Nós, trabalhadores do teatro e da cultura, estamos aqui para exigir que o governo eleito por nós se ocupe do desenvolvimento e da proteção de seus cidadãos. E conclamamos aos demais movimento de trabalhadores e ao povo brasileiro a se unirem a nós para dizer um basta à política de privilégios, à entrega do Estado à iniciativa privada, à perda dos direitos dos trabalhadores.
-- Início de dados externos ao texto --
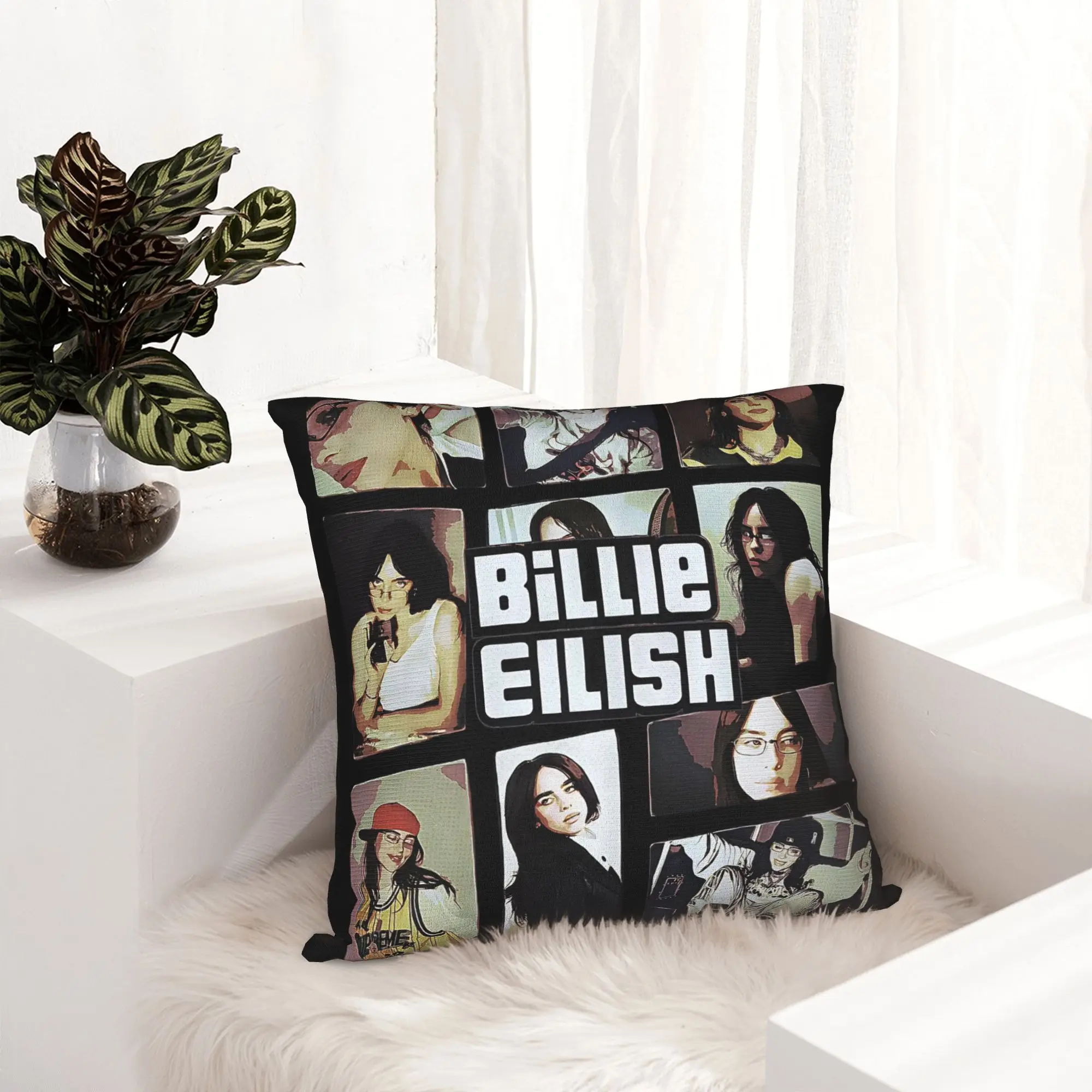 Billies Y2k Pillowcase Printing Fabric Cushion Cover Gift  Pillow Case Cover Home Square 18''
Pela nossa experiência dos últimos anos entendemos que qualquer lei para a cultura tem necessariamente que contar com uma dotação orçamentária própria (recursos garantidos por lei), pois evita a manipulação política. Entendemos também que estas leis devem ser regidas por editais públicos, transparentes e com a participação paritária em suas comissões de seleção, de representantes escolhidos pelo governo e de representantes escolhidos pelos participantes dos determinados editais.

Por isso reivindicamos:
– o fim da lei de isenção fiscal para a cultura;
– a criação de um Fundo Público para a Cultura, através de Lei. Que ele seja o responsável pela implementação de políticas públicas para todas as áreas da cultura. Que ele opere através de editais públicos em todas as regiões do Brasil com participação paritária. Que este fundo tenha uma dotação orçamentária anual definida pela lei, e que, portanto, esta lei seja encaminhada pelo poder executivo como um projeto de governo;
– a regulamentação e transparência imediata do Fundo Nacional de Cultura;
– a imediata implantação do projeto “Prêmio Teatro Brasileiro” sob a forma de um edital nacional ainda para o ano de 2009.

Abaixo segunda carta “manisfesto”, elaborada no dia 27 de março:

*CARTA ABERTA AO MINISTÉRIO DA CULTURA*

Hoje, no Dia Mundial do Teatro, nós, trabalhadores de grupos teatrais de São Paulo organizados no Movimento 27 de Março, somos obrigados a ocupar as dependências da Funarte na cidade. A atitude extrema é provocada pelo
falso diálogo proposto pelo governo federal, que teima em nos usar num debate de mão única. Cobramos, ao contrário, o diálogo honesto e democrático que nos tem sido negado.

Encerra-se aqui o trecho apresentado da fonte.